The waitress also testified that she saw the entire episode. She testified that the men were still in the car when the woman left the tavern with the change, that the defendant got out first, pulled the deceased from the car, and held him by the necktie and swung him backward and forward. The deceased was trying to get away, and the defendant took something shiny from his pocket. They struggled across the street. Howard tripped on the curb and fell, and the defendant bent over him and moved his right arm up and down with something shiny in his hand. She said she did not see the deceased near Ruth Gray. She also testified that the owner was not at the window until she called him to come there after the fight began, and that the owner did not call the police until after the fight had ended and Howard "had staggered across the street and was beating on the door."

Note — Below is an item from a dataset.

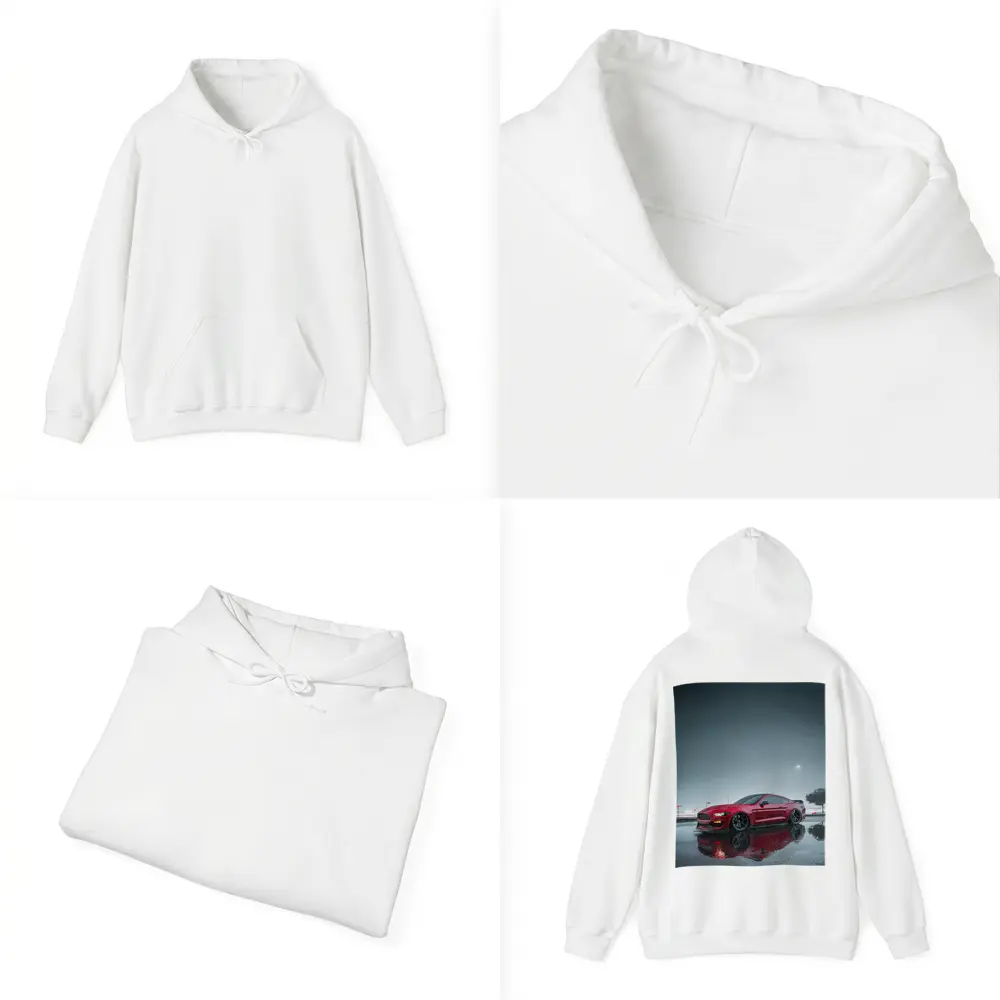 Ford Mustang Red Shelby Rainy Night – Hoodies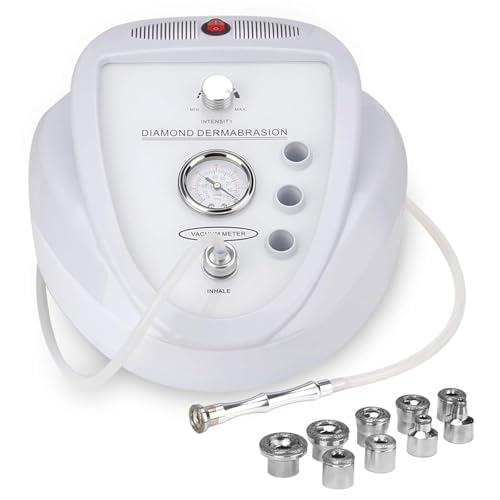 GHWMYD Diamant Microdermabrasion Maschine, Professionelle mikrokristalline Peeling Ausrüstung, Saug 65-68 cmHg, Haushalts Gesichtspflege Ausrüstung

The defendant testified that Ruth Gray returned, entered the car and gave him the change. He handed 25¢ to Howard, who demanded an additional $9. The defendant told Howard that he did not have his money, that he had returned the $10 bill. The defendant then offered to look in the back seat for the bill, got out of the car and was looking in the back seat when he heard Ruth Gray scream. He went to her side of the car where he saw Howard trying to pull her out, and ordered him to stop. Howard refused and a fight ensued. The defendant testified that during the fight Howard threatened "to blow" the defendant's "brains out" and reached for his pocket. The defendant then drew a knife and, while they were wrestling, Howard received the knife wound that caused his death.
Ruth Gray testified to the same effect. She said that after she had returned to the car and Howard had demanded $9 more, he got out of the car and began acting "like someone who had gone completely mad." She testified that he tried to pull her out of the car and had almost succeeded when the defendant intervened and the fight began. She did not hear Howard threaten the defendant.

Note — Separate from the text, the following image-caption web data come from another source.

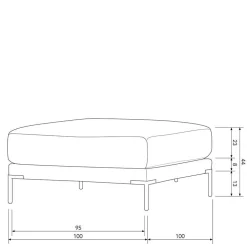 Modul Sofa Beige Imdyano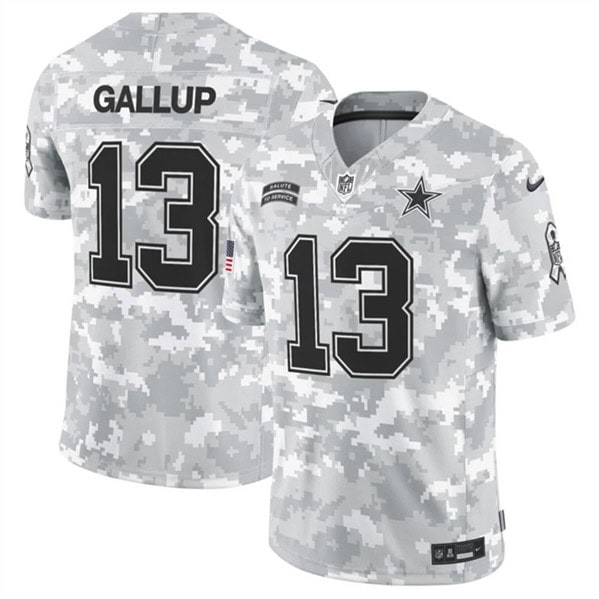 Dallas Cowboys #13 Michael Gallup Arctic Camo 2024 F.U.S.E. Salute To Service Limited Stitched Jersey
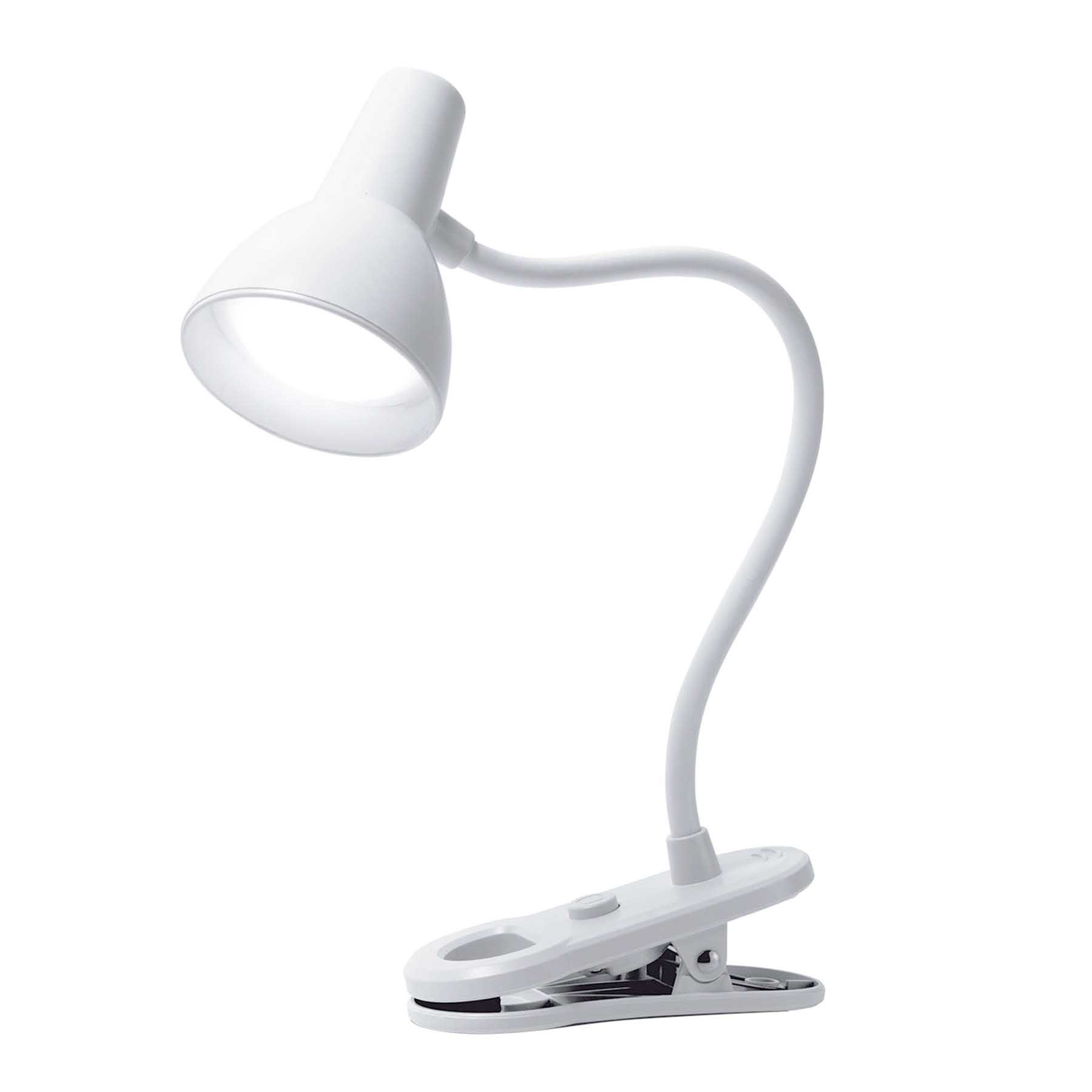 White LED Clip-On Task Lamp, 5"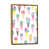 Toile avec cadre or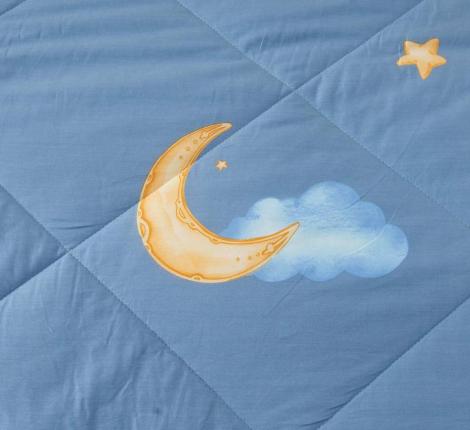 Постельное белье с одеялом детское "Sofi de Marko" Moon Сатин, 1,5 спальный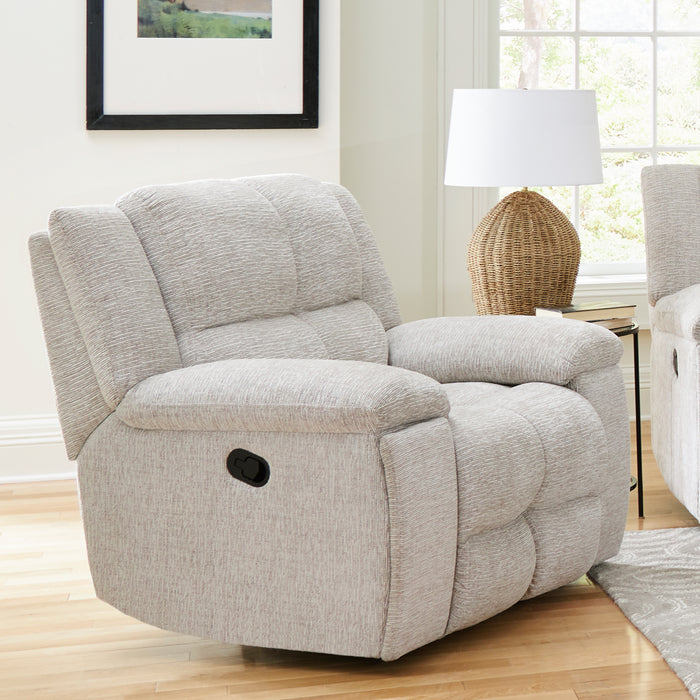 Parker Living Buster - Opal Taupe Manual Reclining Sofa Loveseat and Recliner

The defendant was arrested at Ruth Gray's apartment later that morning and taken to a police station. From there he was taken to the State's Attorney's office, where he signed a statement that was introduced in evidence. The statement was consistent with some of his testimony, particularly as to Howard's assault upon Ruth Gray, but omitted certain matters to which he testified, particularly Howard's threat to blow his brains out. The defendant testified that at the time the statement was taken, sometime in the afternoon of October 5, he was nervous and upset from the fight.

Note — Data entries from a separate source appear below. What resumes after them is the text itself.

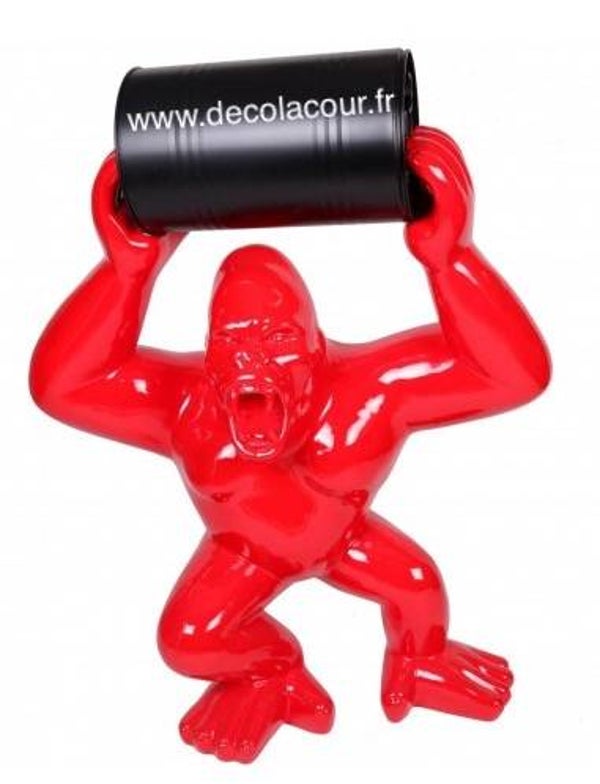 DAPT140 Jungle Gorilla aap rood met zwarte ton 140 cm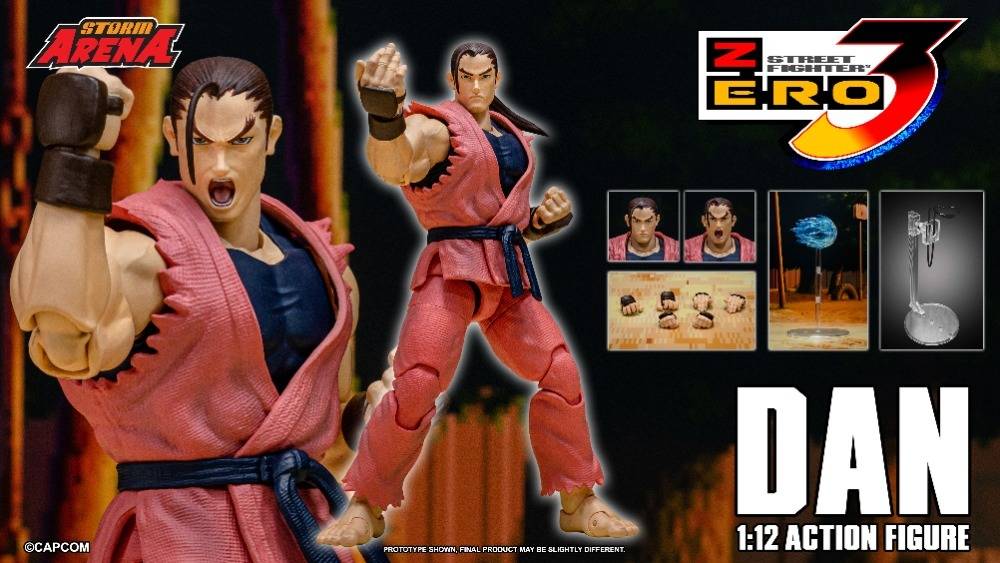 Storm Arena Street Fighter Zero3 Dan Hibiki 1/12 Action Figure (Copy)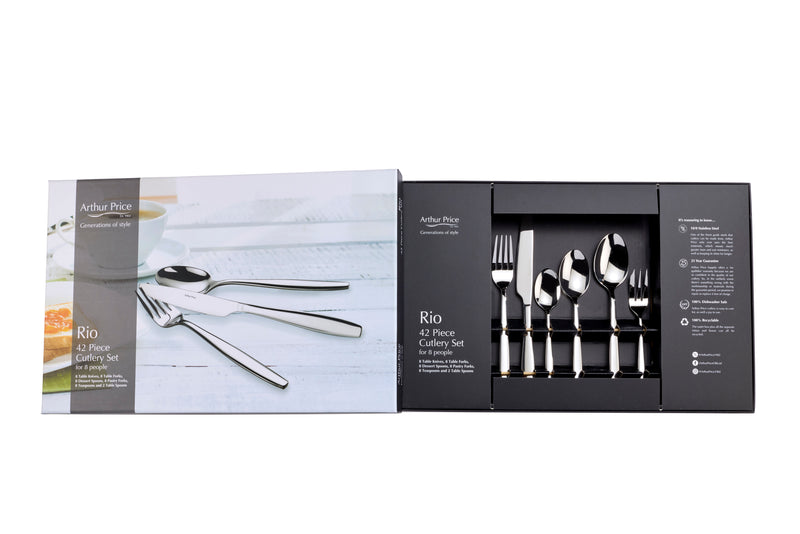 Arthur Price Rio 24ピースカトラリーセット Rio 42 Piece 8 Person Cutlery Set – Arthur Price
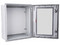 Gabinete de Poliéster PRECISION PST-4050-20PT, IP65, Puerta Transparente, Uso en Intemperie con Placa Trasera Interior (Incluye Chapa y Llave).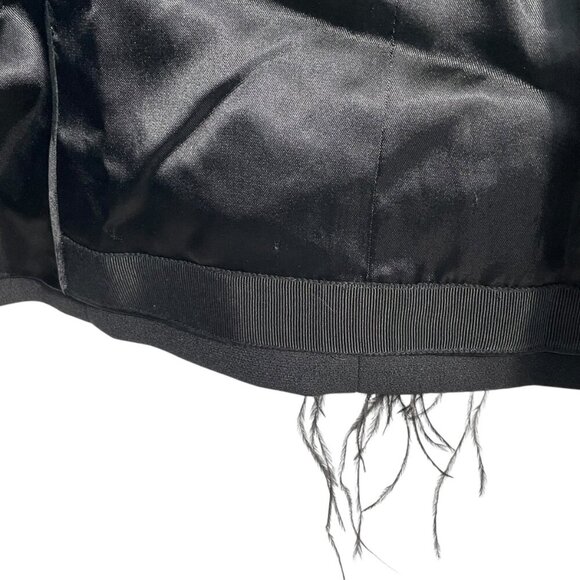 NWT Magaschoni Designer Runway Feather Sequin Cropped Evening Statement Blazer 4 - Picture 13 of 16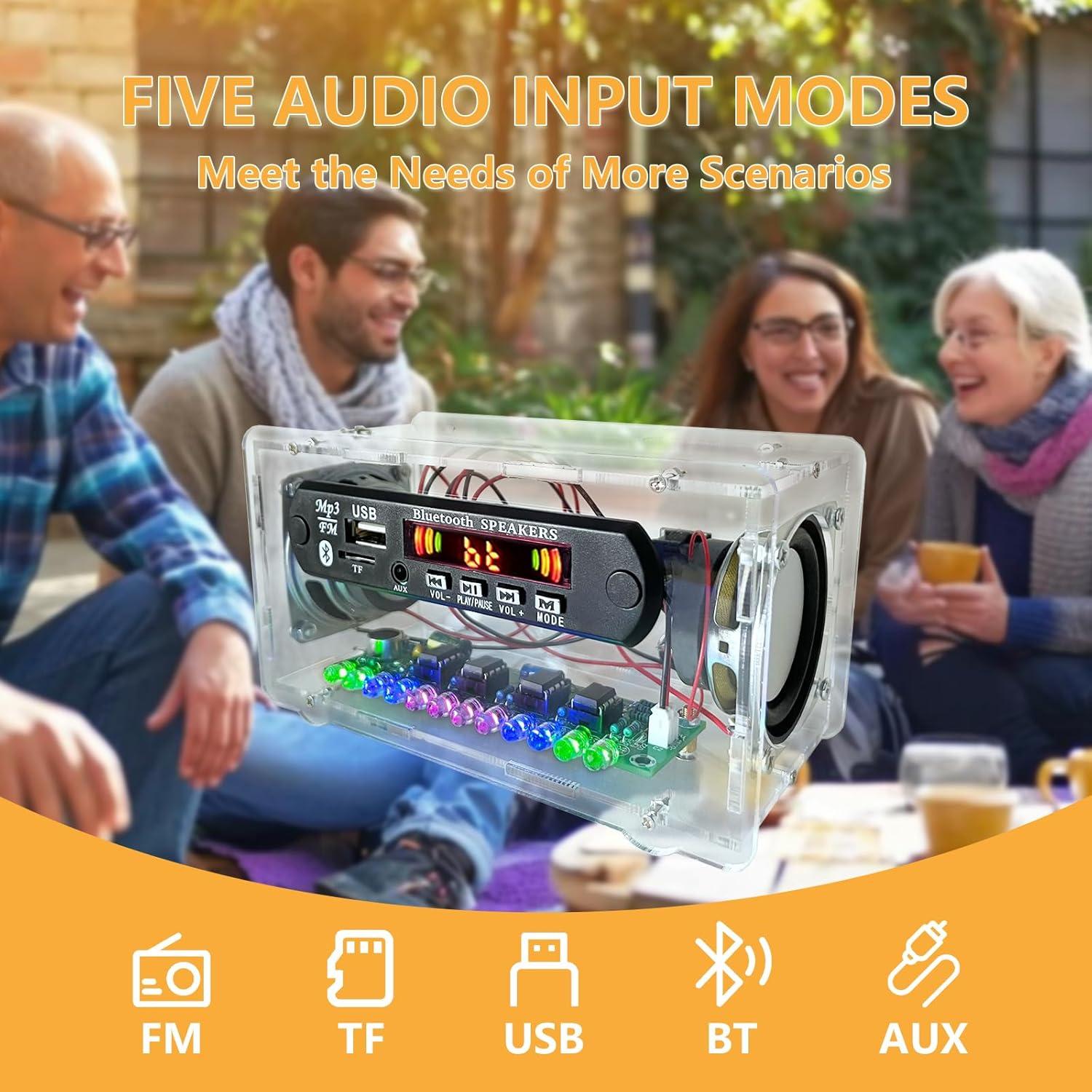 Kit de Altavoz Bluetooth DIY EIELE con Control Remoto y Radio FM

The defendant's first contention is that the statement given to the assistant State's Attorney should have been excluded because he was not warned of his right to remain silent and to have the assistance of counsel, as required by Escobedo v. Illinois, 378 U.S. 478, 12 L.Ed.2d 977, and Miranda v. Arizona, 384 U.S. 436, 16 L.Ed.2d 694. In Johnson v. New Jersey, 384 U.S. 719, 16 L.Ed.2d 882, the Supreme Court held that the principles of Escobedo and Miranda applied prospectively. And in People v. McGuire, 35 Ill.2d 219, People v. Wallace, 35 Ill.2d 251, and other cases we have refused to apply those principles retroactively. This defendant was tried in March of 1963. There is no contention here that the statement was not voluntarily made, and we hold that it was properly received in evidence.
The defendant next contends that the evidence was insufficient to establish his guilt beyond a reasonable doubt. If the testimony of the witnesses for the prosecution is believed, however, it was sufficient to establish the crime of murder. Their testimony was that the defendant was the aggressor throughout the fight, and that at no time did Howard offer any threat to the defendant's safety. Their testimony negatived the existence of the provocation relied on by the defendant, for both of these witnesses denied that Howard at any time approached Ruth Gray or offered any violence to her. No weapon was found on the deceased. These circumstances are in our opinion sufficient to establish the crime of murder.
The defendant's contention that the evidence was insufficient is based upon certain discrepancies in the testimony of the prosecution's eyewitnesses, which are said to render their testimony so questionable as to raise doubt in the minds of reasonable persons. The waitress testified that the defendant pulled Howard out of the cab, while the tavern owner testified that when Ruth Gray returned to the cab, both men were standing beside it. The waitress testified that the tavern owner called the police after the deceased had staggered across the street and was beating on the door of the tavern, asking for help. The tavern owner testified that he called the police before the fight started. The two witnesses also disagreed as to whether the tavern owner was standing at the window when the defendant's cab arrived in front of the tavern and as to the lighting conditions in the area. The defendant also points out that the tavern owner testified that the defendant struck the deceased two or three times while the coroner's inquest showed only one wound through the heart and another on the defendant's hand. In our opinion these discrepancies did not render the witnesses so unreliable as to preclude the jury's verdict. Their credibility was for the jury and their testimony that the deceased did not approach or touch Ruth Gray contradicted the defendant's claim of provocation.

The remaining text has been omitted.